● ACTION ITEM
Your answer should give again, exactly, the lines from the beginning of the entries below through the line containing "Kaushik Raghu, Senior". It must contain no pictures.

------------------------------------------------------------

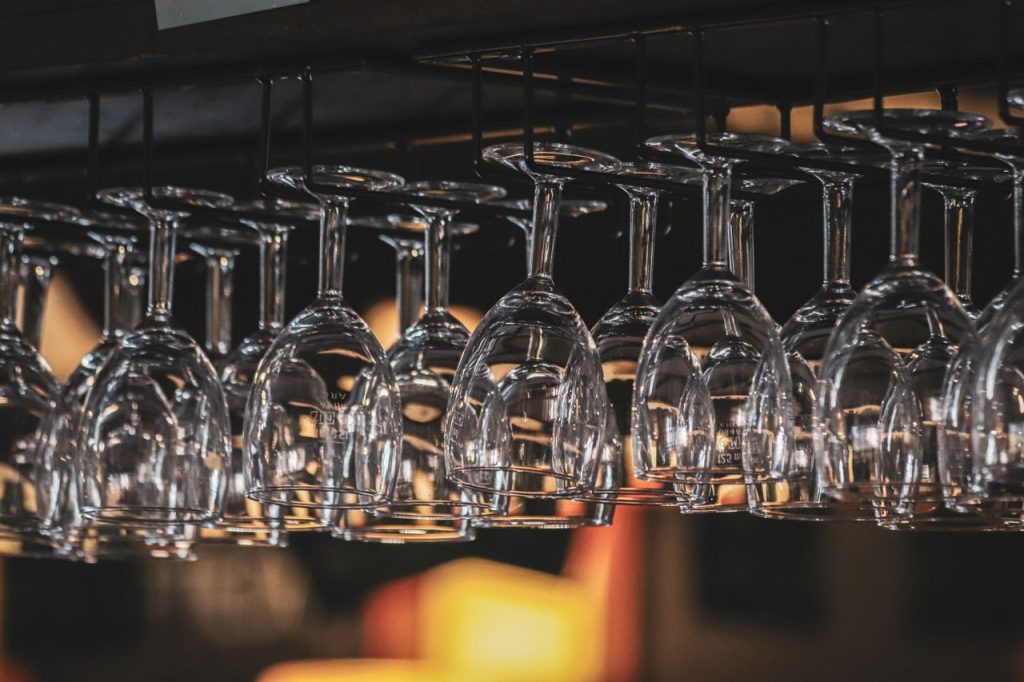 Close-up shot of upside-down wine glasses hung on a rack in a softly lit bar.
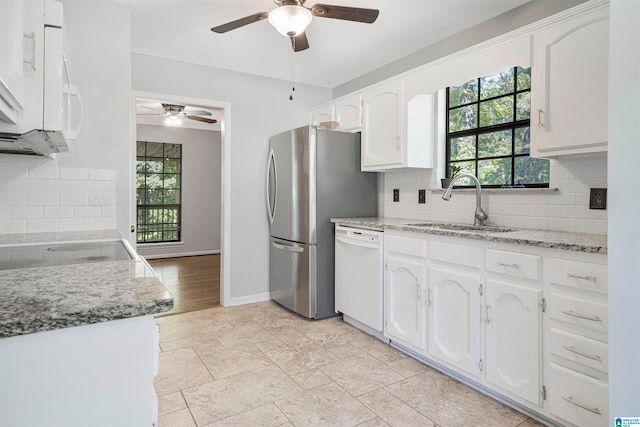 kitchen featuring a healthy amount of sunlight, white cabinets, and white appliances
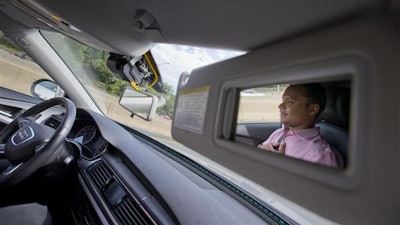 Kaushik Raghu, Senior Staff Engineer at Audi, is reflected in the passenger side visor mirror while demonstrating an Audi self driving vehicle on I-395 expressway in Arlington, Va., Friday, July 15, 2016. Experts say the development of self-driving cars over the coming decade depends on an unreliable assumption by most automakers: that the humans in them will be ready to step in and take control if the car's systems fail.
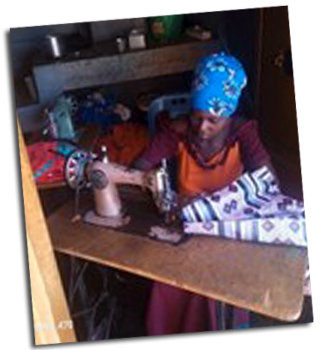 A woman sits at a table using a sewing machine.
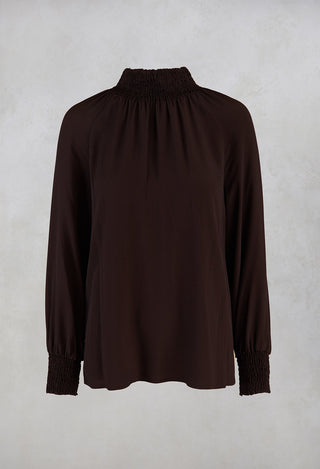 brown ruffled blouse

------------------------------------------------------------

● RESPONSE
 Close-up shot of upside-down wine glasses hung on a rack in a softly lit bar.
 kitchen featuring a healthy amount of sunlight, white cabinets, and white appliances
 Kaushik Raghu, Senior Staff Engineer at Audi, is reflected in the passenger side visor mirror while demonstrating an Audi self driving vehicle on I-395 expressway in Arlington, Va., Friday, July 15, 2016. Experts say the development of self-driving cars over the coming decade depends on an unreliable assumption by most automakers: that the humans in them will be ready to step in and take control if the car's systems fail.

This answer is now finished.